Propos recueillis par Émilie Pourbaix
Florence Servan-Schreiber est journaliste, conférencière et formatrice. Elle anime des «Ateliers d’inspiration au bonheur » pour permettre à chacun d’introduire les enseignements de la psychologie positive dans sa propre vie.
TROIS CLÉS POUR : Vivre dans la gratitude
Exprimer sa gratitude est une « métastratégie » pour être heureux
1. Décider. La gratitude a l’avantage d’être un sentiment que l’on peut choisir d’éprouver. Au vu de ses avantages, cela mérite d’être essayé. On peut un beau matin décider de s’y mettre. À force de s’y essayer, comme lorsqu’on apprend une langue étrangère, elle finit un jour par se pratiquer sans effort.
2. Inverser la vapeur. Éprouver de la gratitude envers quelqu’un nous préserve d’éprouver de la déception à l’égard de cette personne. Lorsque les reproches envers l’autre commencent à s’empiler, on marque une pause, on respire et on liste ce pour quoi on lui est reconnaissant. Si quelqu’un vous brise le cœur, concentrez-vous, au plus profond de la tristesse, sur la puissance de l’amour qu’il vous a permis de vivre. L’amertume se dégonfle.
3. Écrire. Il y a beaucoup de choses dans nos vies, petites ou grandes, qui nous procurent des satisfactions. Repensez aux événements qui se sont écoulés au cours de la dernière semaine et notez-en cinq pour lesquels vous ressentez de la gratitude ou de la reconnaissance. Et là on remplit trois à cinq lignes dans son cahier. Pour ceux qui aiment écrire ou que les quelques minutes nécessaires à cette pratique ne rebutent pas, c’est un excellent moyen de recenser le bon.
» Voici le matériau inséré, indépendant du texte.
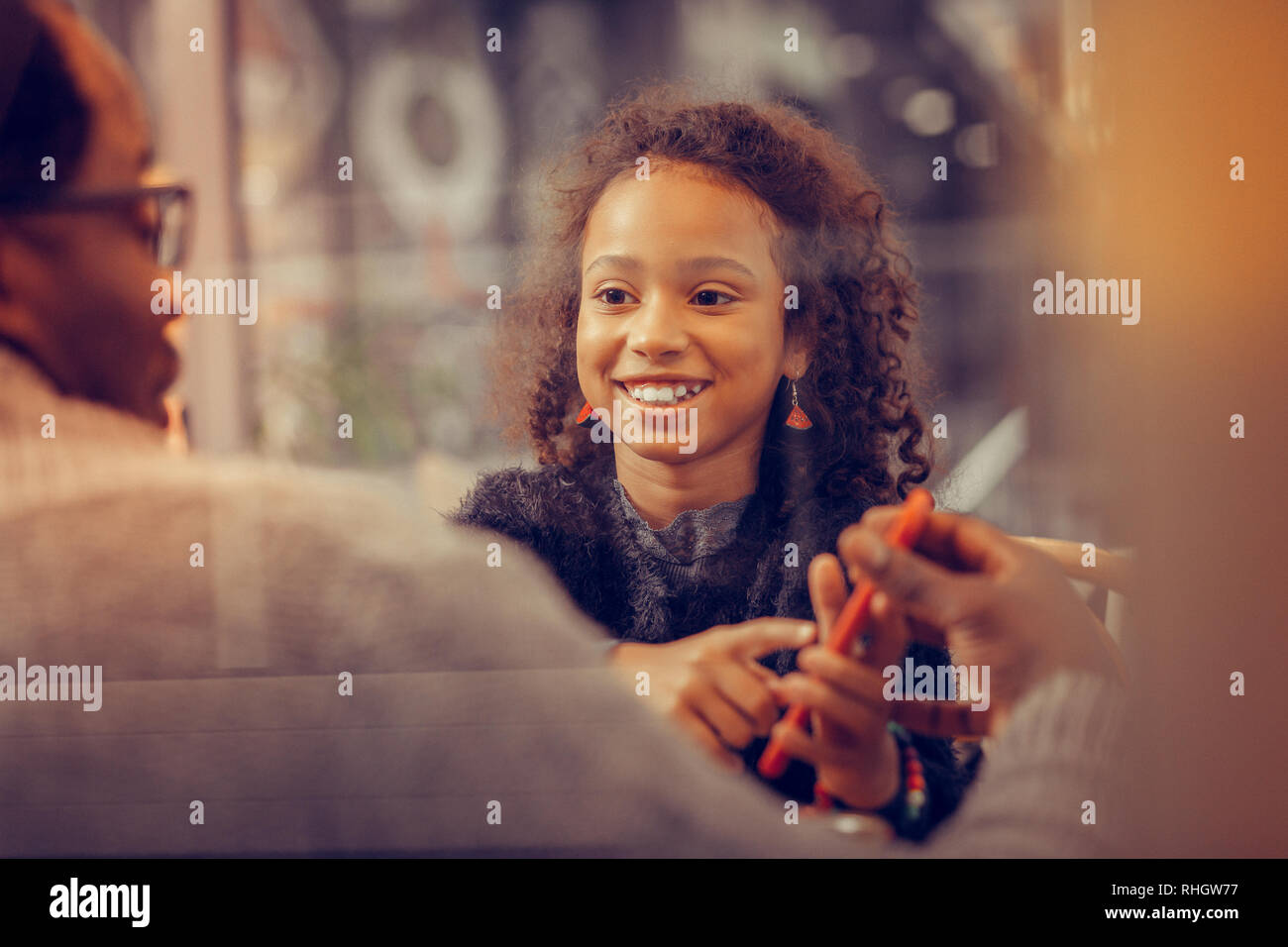 Curly fröhliches Mädchen Gefühl glücklich halten red Smartphone Stockfoto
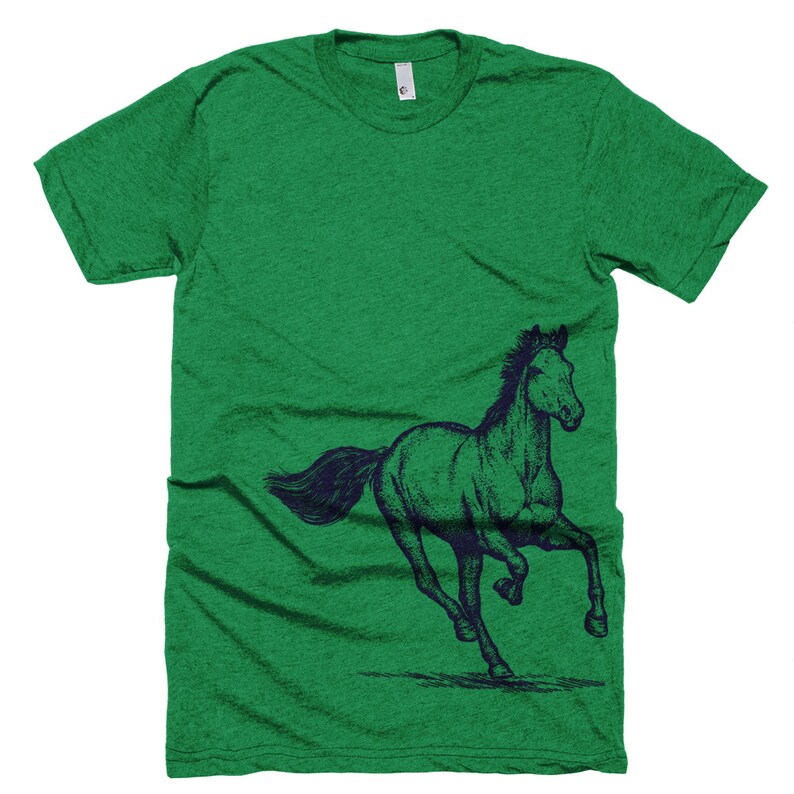 May include: A green t-shirt with a navy blue illustration of a horse running on the left side of the shirt.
Ma recommandation est de rendre le geste simple. Pas d’ordinateur à allumer ni de document à enregistrer. Le journal n’a pas besoin d’être régulier. Ne pas hésiter à varier les pratiques : se promener dans ses étagères pour se remémorer, en regardant ses objets, pourquoi on a aimé un livre, un lieu, une personne, fait tout à fait l’affaire.
TÉMOIGNAGE : « Un recueil de bons souvenirs »
Florence Servan-Schreiber note les meilleurs moments de sa vie dans un carnet, devenu son coffre aux trésors.
J’ai sur ma table de nuit mon « carnet de kifs ». C’est le nom que je lui ai donné. Ainsi, l’intention est claire. Je m’en empare quand j’en ai envie, quand je me souviens que je dormirai mieux en y consacrant quelques instants, quand je suis contrariée, quand j’ai vécu quelque chose d’extraordinaire, quand je me prépare pour un défi, quand je ne l’ai pas touché depuis longtemps, parfois quand je suis triste, d’autres fois juste comme ça. J’en fais un usage très aléatoire. Je n’y fais pas de phrases, juste des listes. Les lignes sont courtes, pas de superflu. Parfois je le relis. Il m’accompagne depuis quatre ans. J’ai peu de mémoire et le parcourir m’offre de revivre mon meilleur du mieux. Un recueil de bons souvenirs, d’instants uniques, une chronologie positive. Il n’y a pas un seul grincement dans ce carnet. C’est ce que j’aime chez lui. Et comme je n’en aurai pas de sauvegarde si je le perds, je ne l’emporte pas en voyage. Il habite près de mon oreiller principal. C’est sa place. Lorsque je serai une vieille dame, je le relirai goulûment. Je pense que ce que j’y trouverai m’attendrira et me consternera parfois. Je me réjouis d’avance d’avoir accès à ce baromètre des belles choses qui jonchent ma seconde moitié de vie.